A spin-out from a research laboratory that built a next generation solver, Keelvar was formed as a SaaS (Software as a Service) company in 2012. Unlike the majority of sourcing optimization software providers, they realized from day one that the solution wasn’t a better optimization module, it was a better sourcing platform where ease of use was the most important driver of adoption. Their Founder and CEO, Alan Holland, believes that “every sourcing event with a possible split-award should be optimized but in a completely transparent manner so that it’s easy for both buyers and suppliers” to understand the award recommendation and the reason therefore.

The starting premise was that the average user wasn’t advanced enough to use the first generation strategic sourcing decision optimization (SSDO) solutions where optimization was a standalone module and you needed to be an optimization platform expert to set up the models and run the sourcing event. It had to be intuitive and easy. Moreover, these average buyers have much simpler categories. As a result, the models were simpler than what some of the first generation expert providers were throwing at them, and, moreover, the majority of these models for standard, “simpler“, categories were fairly standard and could even be mapped to a default template by a senior buyer that the junior buyer could start with, and sometimes use unaltered.

Unlike many platforms, the optimization-backed sourcing platform walks the buyer through a simple process for creating and executing a sourcing event that even a junior buyer will feel comfortable with, detailed in our introductory Keelvar post. This process is as easy to use as a powerful, weighted, RFX tool or e-Auction, which is something that cannot be said for the majority of optimization solutions on the market that still require a solid understanding of the underlying mathematics and operations research. It’s sourcing for the every-man.

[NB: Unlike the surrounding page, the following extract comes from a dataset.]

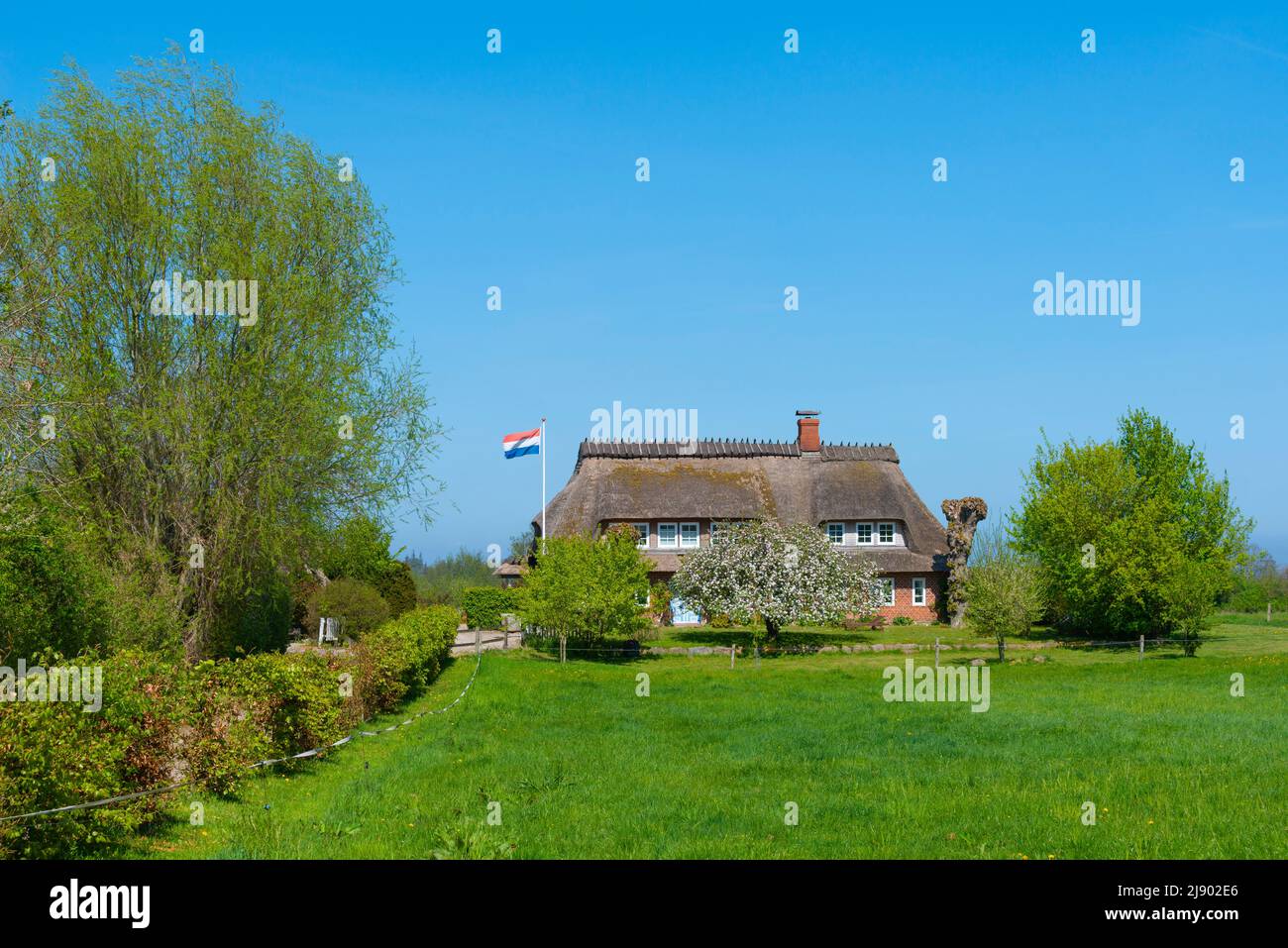 Riserva Naturale Geltinger Birk, Nieby, Flensburger Fjord, Mar Baltico, paesaggio Angeln, Schleswig-Holstein, Germania settentrionale, Europa centrale Foto Stock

And it’s not just for the mid-size company anymore. If you will recall, when SI first reviewed the solution, SI identified it as the perfect solution for the lower-end of the mid-market. However, over the last six months, the usability and power has been steadily improved, and now SI will also identify it as a perfect solution for the entire mid-market and a candidate solution for the Fortune 500 / Global 3000. Keelvar, which has a US presence in addition to its UK presence, has acquired a number of Global 3000 clients for whom the solution is perfect for. For the majority of categories, and spend, in these organizations, there is no need for overkill optimization and the solution is a perfect fit. That’s not to say that it can’t handle the more complex categories either, with a number of global logistics events for some of the world’s largest shippers already under its belt, just that it is perfect for those enterprises where the majority of events are not that complex and can be templated for the average buyer.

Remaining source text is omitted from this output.